FRRouting / frr

The FRRouting Protocol Suite
https://frrouting.org/
Other
3.33k stars 1.25k forks source link

EVPN traffic not re-routed when breaking the active link #14355

Closed sbrs3 closed 1 year ago

sbrs3 commented 1 year ago

We are implementing L3 VPN instances with EVPN and VXLAN. eBGP sessions terminate on physical interfaces. VXLAN tunnels terminate on router loopbacks. Loopbacks are advertised through BGP.

See topology.jpg

In this scenario, a link break brings down EVPN traffic, even though there is a remaining path in the topology to reach the destination loopback. The destination loopback can be pinged, but ping through the VPN fails.

Breaking the link between site3-3 and site3-4 (10.21.33.1 is a loopback in the yellow VRF on the site3-3 router): VRF traffic stops working although the remote VTEP loopback is still reachable through the backup path.
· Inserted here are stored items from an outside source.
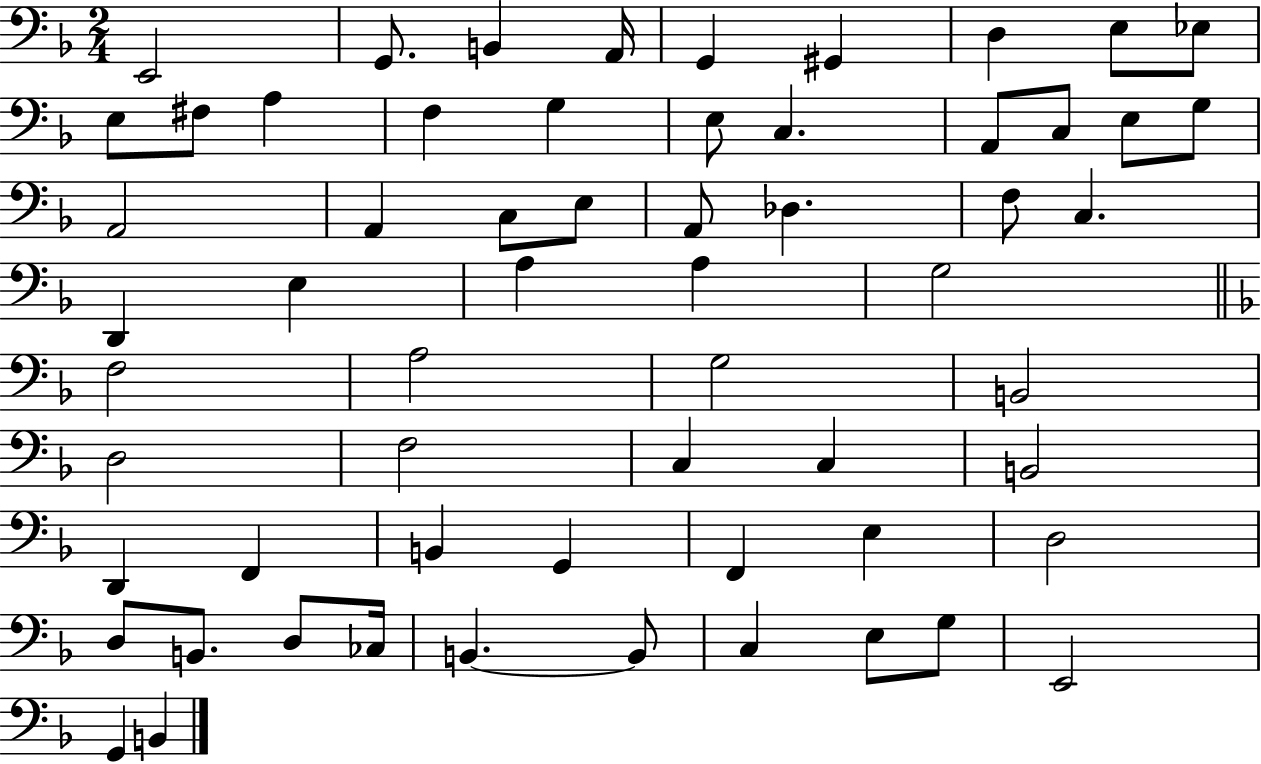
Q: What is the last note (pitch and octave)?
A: B2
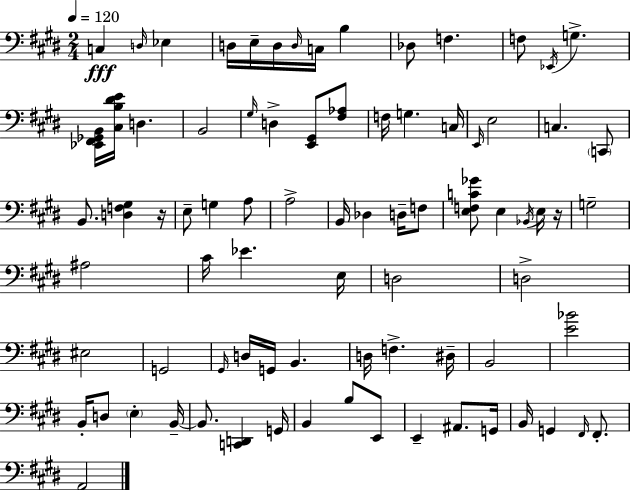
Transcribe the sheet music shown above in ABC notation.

X:1
T:Untitled
M:2/4
L:1/4
K:E
C, D,/4 _E, D,/4 E,/4 D,/4 D,/4 C,/4 B, _D,/2 F, F,/2 _E,,/4 G, [_E,,^F,,_G,,B,,]/4 [^C,B,^DE]/4 D, B,,2 ^G,/4 D, [E,,^G,,]/2 [^F,_A,]/2 F,/4 G, C,/4 E,,/4 E,2 C, C,,/2 B,,/2 [D,F,^G,] z/4 E,/2 G, A,/2 A,2 B,,/4 _D, D,/4 F,/2 [E,F,C_G]/2 E, _B,,/4 E,/4 z/4 G,2 ^A,2 ^C/4 _E E,/4 D,2 D,2 ^E,2 G,,2 ^G,,/4 D,/4 G,,/4 B,, D,/4 F, ^D,/4 B,,2 [E_B]2 B,,/4 D,/2 E, B,,/4 B,,/2 [C,,D,,] G,,/4 B,, B,/2 E,,/2 E,, ^A,,/2 G,,/4 B,,/4 G,, ^F,,/4 ^F,,/2 A,,2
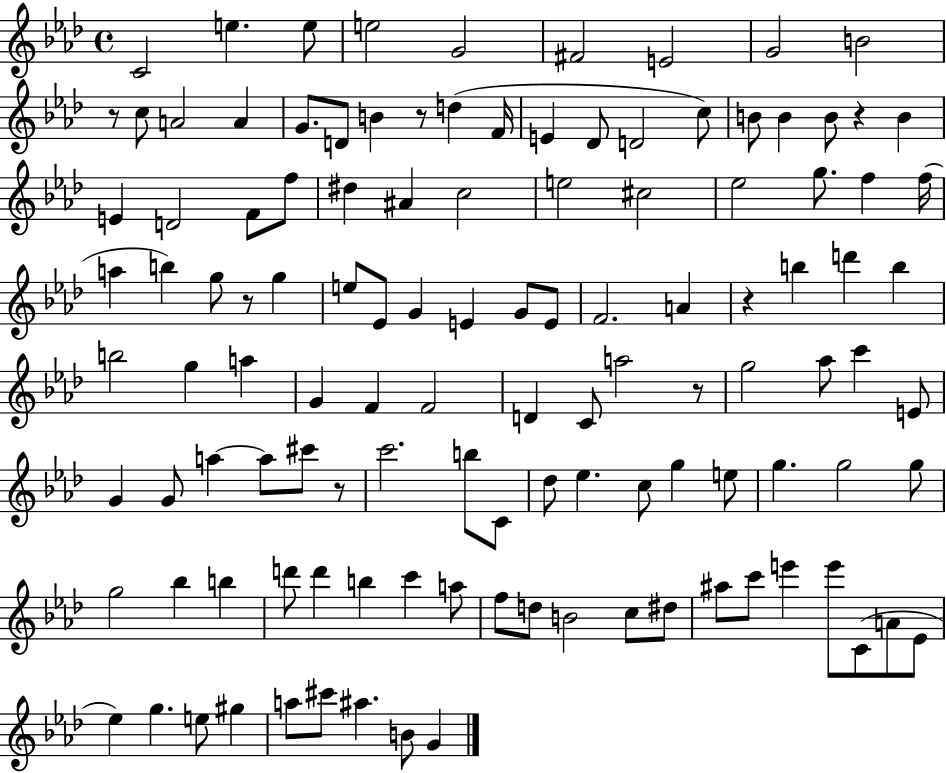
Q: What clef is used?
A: treble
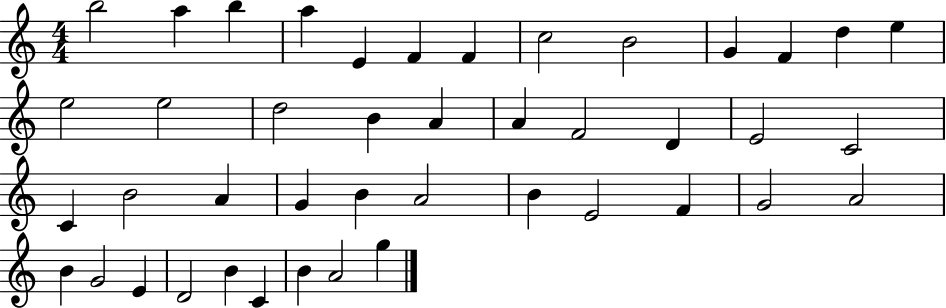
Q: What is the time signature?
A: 4/4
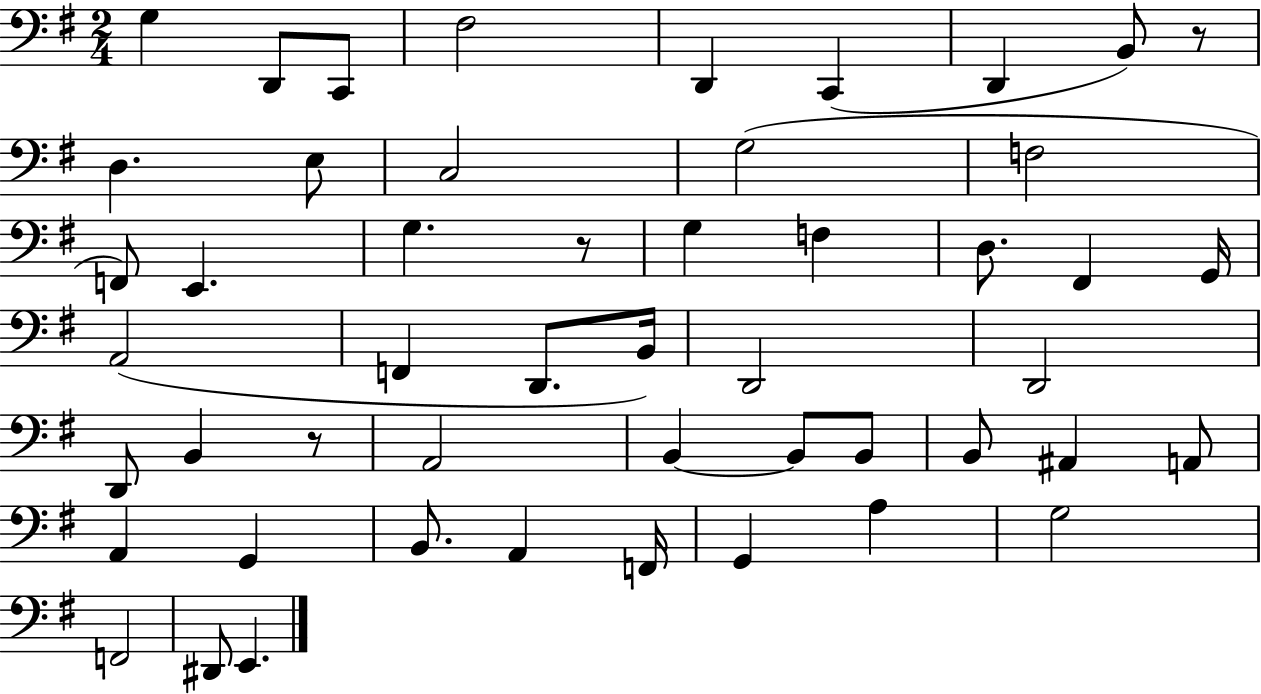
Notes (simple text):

G3/q D2/e C2/e F#3/h D2/q C2/q D2/q B2/e R/e D3/q. E3/e C3/h G3/h F3/h F2/e E2/q. G3/q. R/e G3/q F3/q D3/e. F#2/q G2/s A2/h F2/q D2/e. B2/s D2/h D2/h D2/e B2/q R/e A2/h B2/q B2/e B2/e B2/e A#2/q A2/e A2/q G2/q B2/e. A2/q F2/s G2/q A3/q G3/h F2/h D#2/e E2/q.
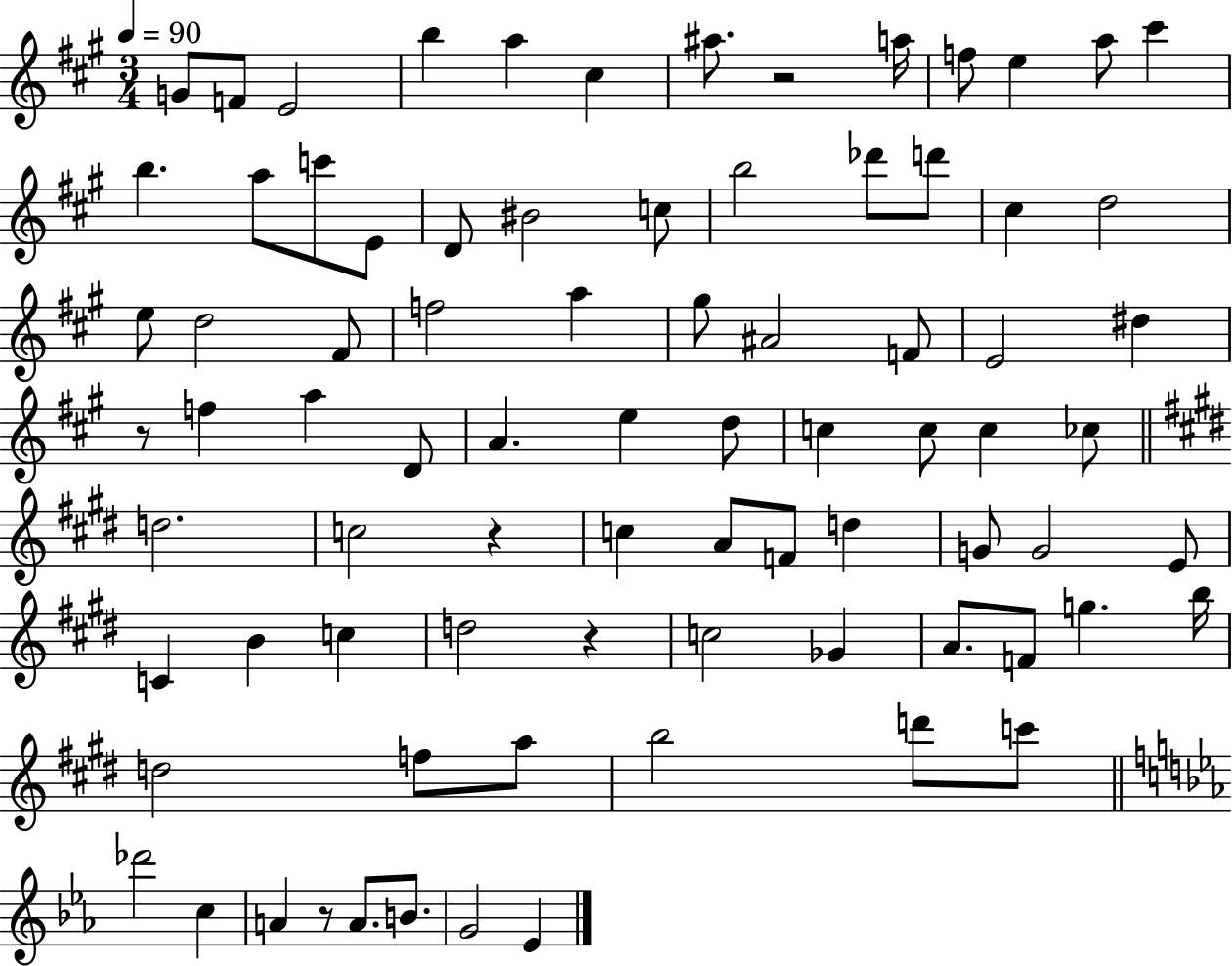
{
  \clef treble
  \numericTimeSignature
  \time 3/4
  \key a \major
  \tempo 4 = 90
  g'8 f'8 e'2 | b''4 a''4 cis''4 | ais''8. r2 a''16 | f''8 e''4 a''8 cis'''4 | \break b''4. a''8 c'''8 e'8 | d'8 bis'2 c''8 | b''2 des'''8 d'''8 | cis''4 d''2 | \break e''8 d''2 fis'8 | f''2 a''4 | gis''8 ais'2 f'8 | e'2 dis''4 | \break r8 f''4 a''4 d'8 | a'4. e''4 d''8 | c''4 c''8 c''4 ces''8 | \bar "||" \break \key e \major d''2. | c''2 r4 | c''4 a'8 f'8 d''4 | g'8 g'2 e'8 | \break c'4 b'4 c''4 | d''2 r4 | c''2 ges'4 | a'8. f'8 g''4. b''16 | \break d''2 f''8 a''8 | b''2 d'''8 c'''8 | \bar "||" \break \key ees \major des'''2 c''4 | a'4 r8 a'8. b'8. | g'2 ees'4 | \bar "|."
}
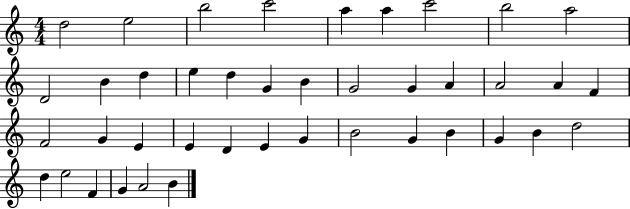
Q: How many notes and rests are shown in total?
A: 41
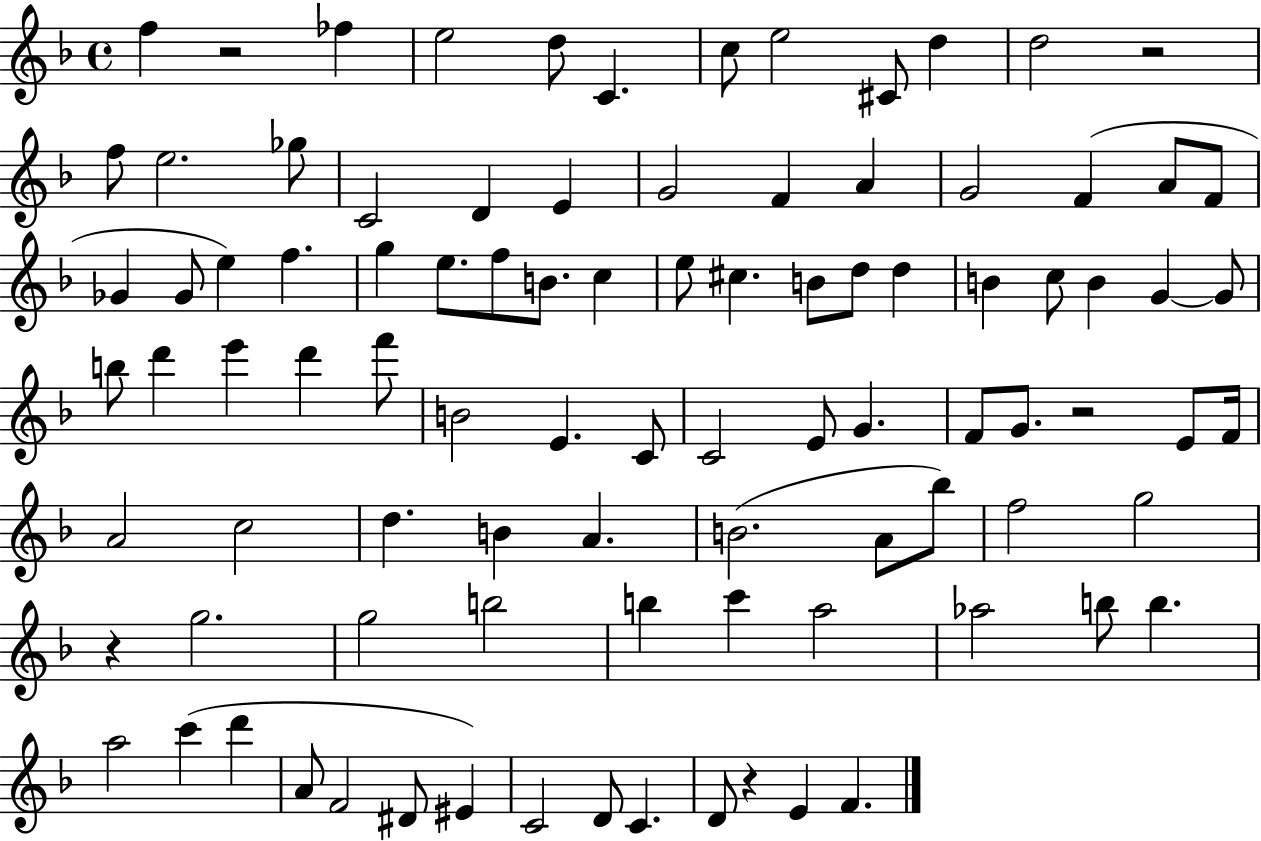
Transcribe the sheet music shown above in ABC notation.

X:1
T:Untitled
M:4/4
L:1/4
K:F
f z2 _f e2 d/2 C c/2 e2 ^C/2 d d2 z2 f/2 e2 _g/2 C2 D E G2 F A G2 F A/2 F/2 _G _G/2 e f g e/2 f/2 B/2 c e/2 ^c B/2 d/2 d B c/2 B G G/2 b/2 d' e' d' f'/2 B2 E C/2 C2 E/2 G F/2 G/2 z2 E/2 F/4 A2 c2 d B A B2 A/2 _b/2 f2 g2 z g2 g2 b2 b c' a2 _a2 b/2 b a2 c' d' A/2 F2 ^D/2 ^E C2 D/2 C D/2 z E F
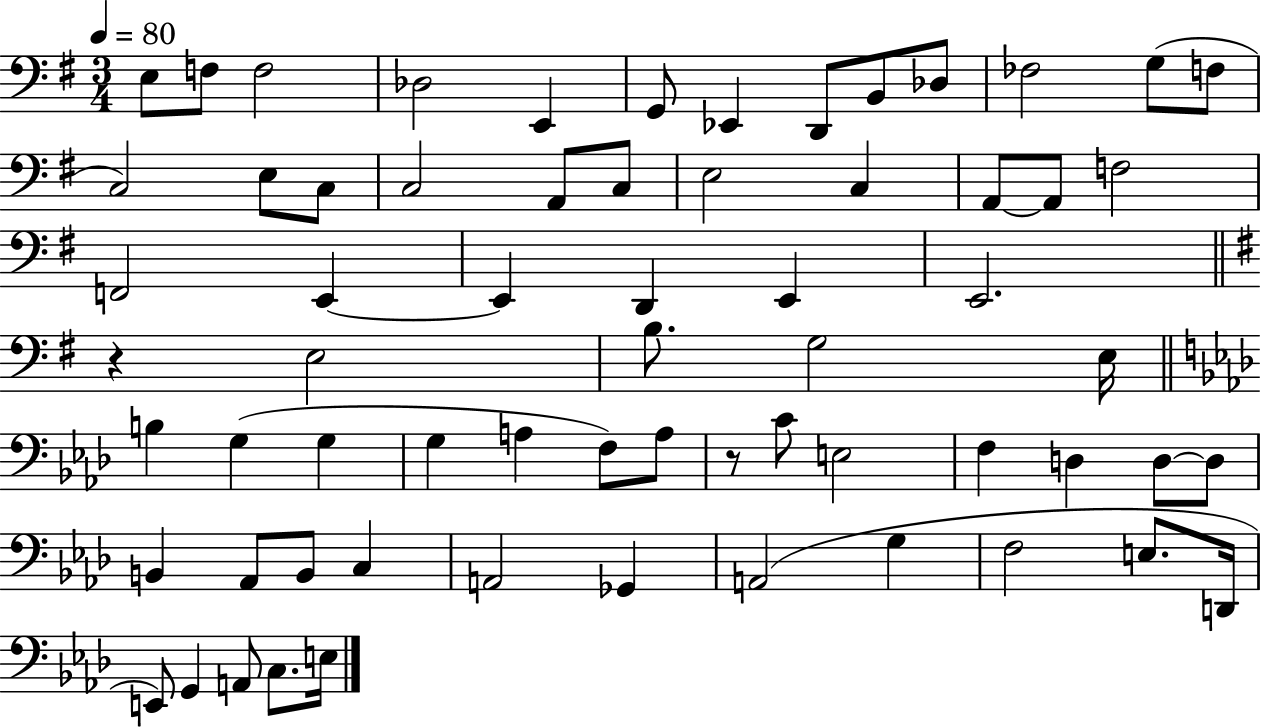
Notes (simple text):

E3/e F3/e F3/h Db3/h E2/q G2/e Eb2/q D2/e B2/e Db3/e FES3/h G3/e F3/e C3/h E3/e C3/e C3/h A2/e C3/e E3/h C3/q A2/e A2/e F3/h F2/h E2/q E2/q D2/q E2/q E2/h. R/q E3/h B3/e. G3/h E3/s B3/q G3/q G3/q G3/q A3/q F3/e A3/e R/e C4/e E3/h F3/q D3/q D3/e D3/e B2/q Ab2/e B2/e C3/q A2/h Gb2/q A2/h G3/q F3/h E3/e. D2/s E2/e G2/q A2/e C3/e. E3/s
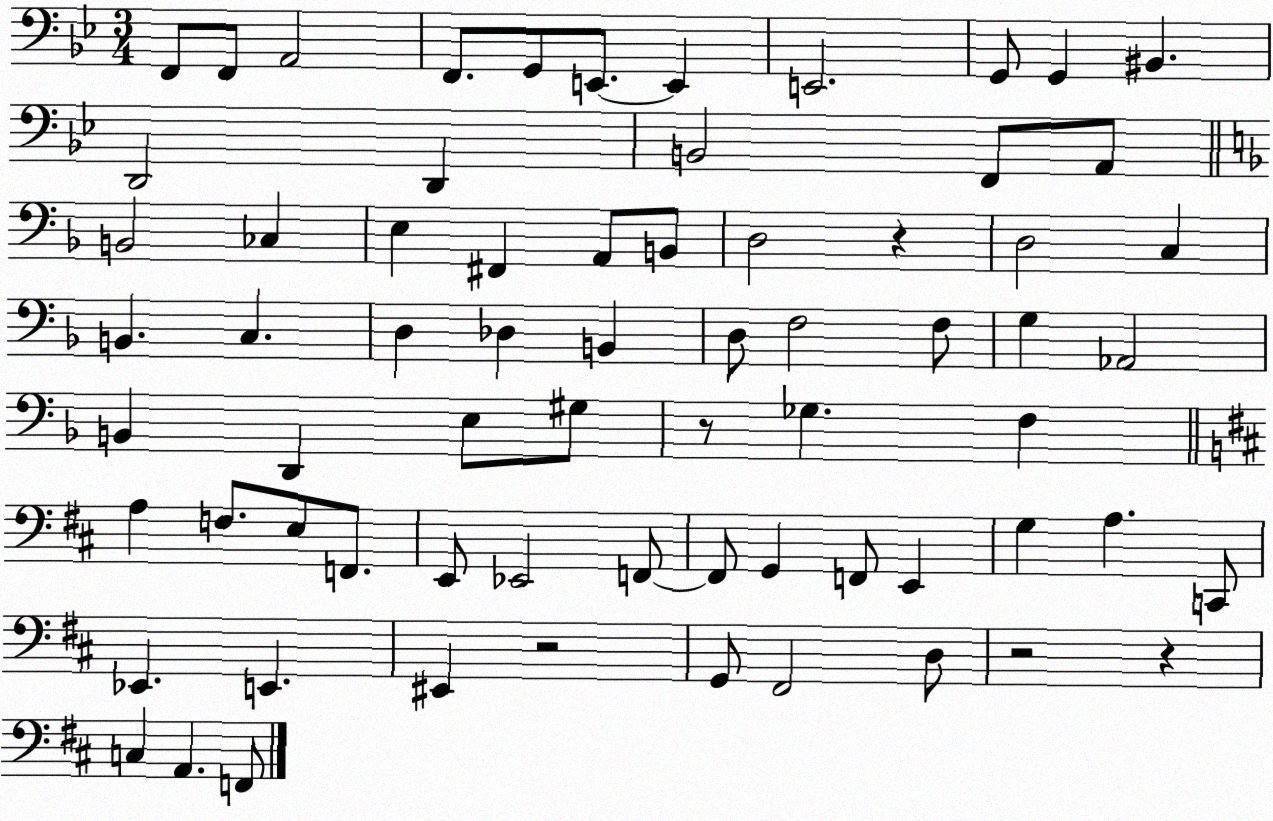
X:1
T:Untitled
M:3/4
L:1/4
K:Bb
F,,/2 F,,/2 A,,2 F,,/2 G,,/2 E,,/2 E,, E,,2 G,,/2 G,, ^B,, D,,2 D,, B,,2 F,,/2 A,,/2 B,,2 _C, E, ^F,, A,,/2 B,,/2 D,2 z D,2 C, B,, C, D, _D, B,, D,/2 F,2 F,/2 G, _A,,2 B,, D,, E,/2 ^G,/2 z/2 _G, F, A, F,/2 E,/2 F,,/2 E,,/2 _E,,2 F,,/2 F,,/2 G,, F,,/2 E,, G, A, C,,/2 _E,, E,, ^E,, z2 G,,/2 ^F,,2 D,/2 z2 z C, A,, F,,/2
root@site3-4:~# ip vrf exec yellow ping 10.21.33.1
PING 10.21.33.1 (10.21.33.1) 56(84) bytes of data.
From 10.21.34.1 icmp_seq=58 Destination Host Unreachable

root@site3-4:~# ping -I 10.0.3.4 10.0.3.3
PING 10.0.3.3 (10.0.3.3) from 10.0.3.4 : 56(84) bytes of data.
64 bytes from 10.0.3.3: icmp_seq=1 ttl=63 time=1.34 ms

VPN and GRD routes look good (see routes.txt).

It appears that FRR removes the neighbor entry for the remote loopback 10.0.3.3 when the link goes down, even though the loopback is still reachable via site3-5.

root@site3-4:~# ip neigh show
192.168.122.1 dev enp1s0 lladdr 52:54:00:05:6b:fa REACHABLE
10.0.3.3 dev br-red lladdr 02:77:bd:6a:03:a5 extern_learn  NOARP proto zebra
192.168.245.2 dev enp3s0 lladdr 52:54:00:d6:a6:96 REACHABLE
10.0.3.3 dev br-yellow lladdr 02:cf:ce:74:7b:73 extern_learn  NOARP proto zebra
192.168.234.1 dev enp2s0 lladdr 52:54:00:70:5a:18 REACHABLE

root@site3-4:~# ip neigh show
192.168.122.1 dev enp1s0 lladdr 52:54:00:05:6b:fa REACHABLE
192.168.245.2 dev enp3s0 lladdr 52:54:00:d6:a6:96 REACHABLE
10.0.3.3 dev br-yellow  INCOMPLETE

clear bgp * brings back the VPN traffic, but it should not be needed.

Versions

sbrs3 commented 1 year ago

topology site3-5-config.txt logs.txt routes.txt site3-3-config.txt site3-4-config.txt

sbrs3 commented 1 year ago

I am wondering why FRR removes the Linux neighbor entry for the remote VTEP when the direct link goes down, even though there is still a second path in the topology to reach that remote VTEP (loopback; 10.0.3.3)?

This is what it looks like in the logs:

2023-09-05 13:14:03.479 [DEBG] zebra: [YK42S-VD2K1] Rx RTM_DELNEIGH family ipv4 IF br-yellow(11) vrf yellow(9) IP 10.0.3.3
2023-09-05 13:14:03.479 [DEBG] zebra: [NR6MZ-KY8YF] zebra neigh del if br-yellow/11 10.0.3.3

The same also happens in a topology with only two routers connected by two redundant links. When one of the two links goes down, the neighbor entry for the remote VTEP (loopback) is removed. Shouldn't the entry remain there as long as there is a path left to reach it?

Any comments?

sbrs3 commented 1 year ago

How can we proceed with this?

chdxD1 commented 1 year ago

This is probably a duplicate of https://github.com/FRRouting/frr/issues/12391, the MR got backported to 8.5 as well, can you try using 8.5.3 instead of 8.5.2 (or 9.0.1 which has the fix as well)?

sbrs3 commented 1 year ago

Re-tested with 8.5.3 and it works. Problem solved, apparently.